Breve guida alla lettura di recensioni musicali

Ecco una piccola guida alla lettura di riviste e recensioni musicali.
Moniker: termine inglese utilizzato correntemente al posto di “nome d’arte” (es.: Will Oldham si nasconde dietro il m. di Bonnie Prince Billy).
Combo: secondo il dizionario è “un complesso jazz di quattro o cinque elementi” ma viene normalmente utilizzato al posto di un banale “gruppo” per cercare di ostentare la propria varietà lessicale.
Attitudine: termine utilizzato probabilmente a sproposito per cercare di descrivere il genere musicale di una band quando non si è proprio sicuri di una cosa ma la si butta là cercando di fare comunque bella figura (“suonare rock con un’attitudine jazz” magari significa che ogni tanto improvvisano o anche solo che c’è un batterista cazzuto).
Indie: è l’esempio perfetto della nascita di nuovi generi musicali tirando un po’ a caso. In teoria dovrebbe caratterizzare un certo tipo di musica indipendente, appunto, fatto sta che la musica indipendente è suddivisa in milioni di generi e quindi è diventata prassi comune utilizzare “indie” per descriverne il filone più leggero e orecchiabile (forse). Poi le cose si complicano quando precede a sua volta altri generi (es.: “indie-pop” o “indie-folk”, che noi che leggiamo robe così da anni ormai capiamo la differenza rispetto a “pop” e “folk” e che non è solo questione di “indipendenza”, ma in realtà una persona normale non capisce giustamente una mazza e noi non siamo in grado di spiegarglielo meglio).
Desertico: è un termine molto in voga in questo periodo per descrivere un certo tipo di musica americana che secondo me, detto in confidenza, con il deserto poi non è che c’entri poi molto.
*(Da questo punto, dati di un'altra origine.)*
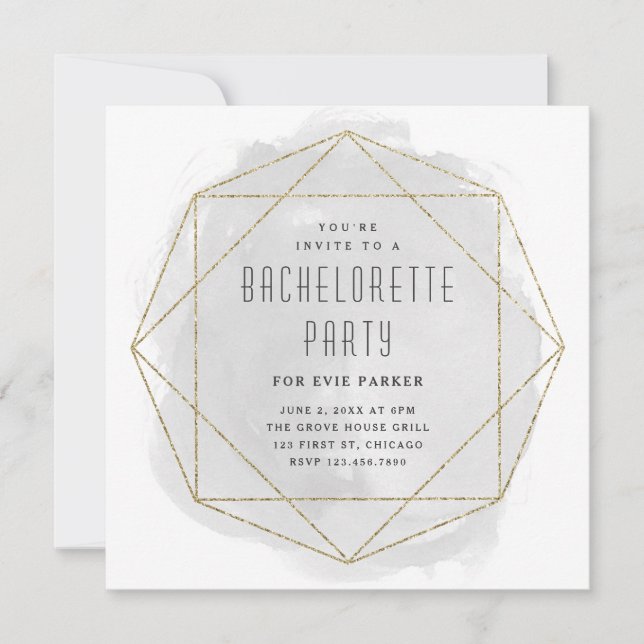 Watercolor Glitter Grey Bachelorette Party Invitation (Front)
Pop ipnagogico: è l’apoteosi dell’etichettismo sfrenato. Stando alle numerose recensioni in cui compare, ancora i critici pare non si siano messi bene d’accordo sul significato. C’entrano gli anni Ottanta e un certo suono easy, ma la definizione esatta è in via di sviluppo.
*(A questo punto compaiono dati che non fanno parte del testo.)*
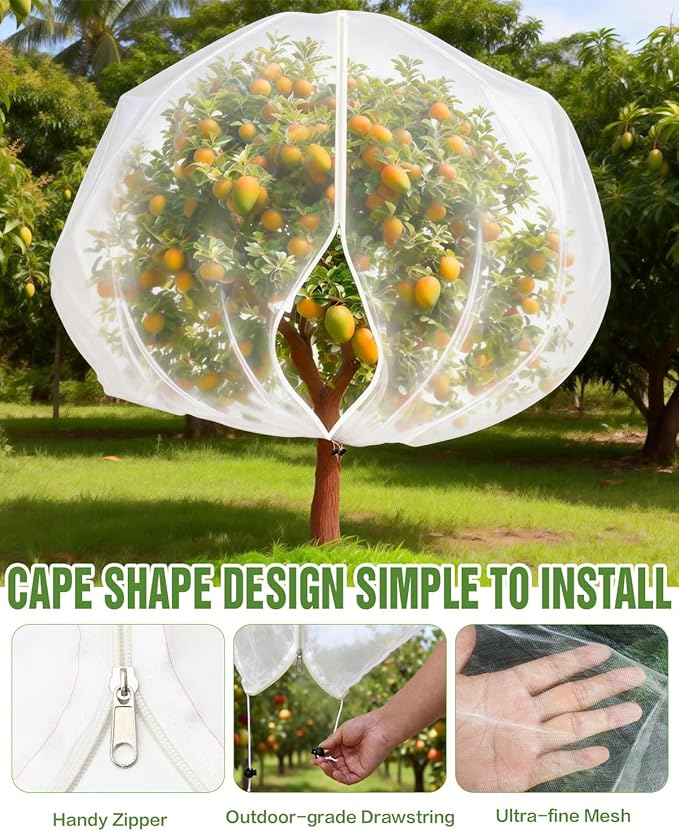 JoyHalo Large Fruit Tree Netting with Zipper & Drawstring, 10 × 10FT Pest Barrier Netting for Garden, 60-Mesh PE Tree Covers for Bush, Blueberry, Vegetables & Plant Protection (2 Packs)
Albione: semplicemente, quando fai il critico, scrivere sempre Inghilterra fa un po’ sfigato, e così si usa spesso “terra d’Albione”, che dovrebbe essere un po’ la stessa cosa.
Status di culto: un marchio di fabbrica utilizzato da tutti per individuare un artista che piace a poca gente ma che è molto figo. Se uno raggiunge uno status di culto ce l’ha fatta, nel mondo musicale alternativo.
Eponimo: dal dizionario, “che, chi dà il proprio nome a qualcosa”. In musica, sempre per voler fare i fenomeni, viene usato invece per indicare un album o una canzone che portano lo stesso nome del gruppo musicale con il risultato che non cambia nulla, naturalmente, se definisco eponimo “Blur” dei Blur. Ma a rigor di logica i Blur poi si dovrebbero chiamare Parklife, e tutto ciò non torna. Ma non so se mi sono spiegato.
Decade: utilizzato nelle recensioni a sproposito al posto di decennio.
Deus ex machina: fino all’altro giorno ne ero proprio convinto, avendo alle spalle quindici anni di letture di riviste musicali. Ma no, deus ex machina non vuol dire essere la mente dietro una band.
Altri termini su cui bisognerebbe tornare in una prossima, ipotetica, guida: etereo, anthem, “il nostro”, sophomore, seminale, lisergico, hype, drone, dissonante.
P.s.: il blog Bastonate un paio d’anni fa ha scritto già qualcosa del genere ed è molto più divertente e interessante di quello che avete appena letto. Giuro però che non ho copiato.